After it had chilled the edges of the arrow head were polished and sharpened even more.

Following this an arrow made of birch or ash-tree was set into the tunnel of the arrow head, while onto the
tail feathers were glued. Though in the Scythian grave-mounds (kurgans) of the Altai
the eternal frost conserved the arrows as well, the feathers were only marked on them by
red paint—this obviously happened only with funeral arrows. Their full length reached
approximately 80cm.

The shapes of the „horny” brass arrow heads of the Scythian era varied on a wide range
Nevertheless it is not in our intention to give a close insight on all of the variations, as it
is not of great importance regarding our research—they were mainly regional versions of
shape.
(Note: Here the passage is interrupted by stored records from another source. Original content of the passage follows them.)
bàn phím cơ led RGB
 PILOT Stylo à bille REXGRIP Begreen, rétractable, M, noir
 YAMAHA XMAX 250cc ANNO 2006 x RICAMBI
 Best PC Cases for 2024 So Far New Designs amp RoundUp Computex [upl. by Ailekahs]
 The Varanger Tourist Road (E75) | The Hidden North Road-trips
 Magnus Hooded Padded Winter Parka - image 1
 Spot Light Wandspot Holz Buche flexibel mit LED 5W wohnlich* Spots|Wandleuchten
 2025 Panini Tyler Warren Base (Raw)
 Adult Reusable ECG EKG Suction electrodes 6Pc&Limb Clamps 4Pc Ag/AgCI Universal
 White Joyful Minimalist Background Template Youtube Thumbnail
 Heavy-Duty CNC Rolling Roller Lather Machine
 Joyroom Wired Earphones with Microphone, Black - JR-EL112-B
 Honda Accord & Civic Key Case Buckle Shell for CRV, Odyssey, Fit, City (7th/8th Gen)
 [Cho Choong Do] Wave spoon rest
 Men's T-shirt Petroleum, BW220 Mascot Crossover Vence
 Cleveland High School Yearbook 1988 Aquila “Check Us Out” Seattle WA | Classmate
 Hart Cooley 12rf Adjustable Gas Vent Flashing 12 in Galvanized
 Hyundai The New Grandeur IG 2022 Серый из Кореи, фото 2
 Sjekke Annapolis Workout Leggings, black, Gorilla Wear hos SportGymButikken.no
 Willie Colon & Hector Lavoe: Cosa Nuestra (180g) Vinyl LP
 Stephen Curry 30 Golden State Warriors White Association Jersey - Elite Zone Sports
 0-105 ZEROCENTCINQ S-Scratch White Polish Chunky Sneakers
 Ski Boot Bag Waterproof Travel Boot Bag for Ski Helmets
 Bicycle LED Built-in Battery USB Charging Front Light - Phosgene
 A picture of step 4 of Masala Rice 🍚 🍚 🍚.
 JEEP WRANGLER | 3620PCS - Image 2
The Asian territories two winged, „horny” brass arrow heads were more common and preferable, while around the western areas three winged arrow heads were wide-spread.
On the peripheries along with the brass arrow heads,
those made of bone were frequent too, more over on the steppes of Eastern Mongolia
and in the neighboring areas finely polished jade arrow heads as well remained in use for
a long time. In some of the contemporary images—on the 3rd Century BC stone slabs
of the „lion hunters’ risen form the city of Uruk, for example— a sort of arrow appears
which diverges in shape from the classical ones used in battles: these are semilunar or
fork-shaped arrowheads that were probably used for lion hunting.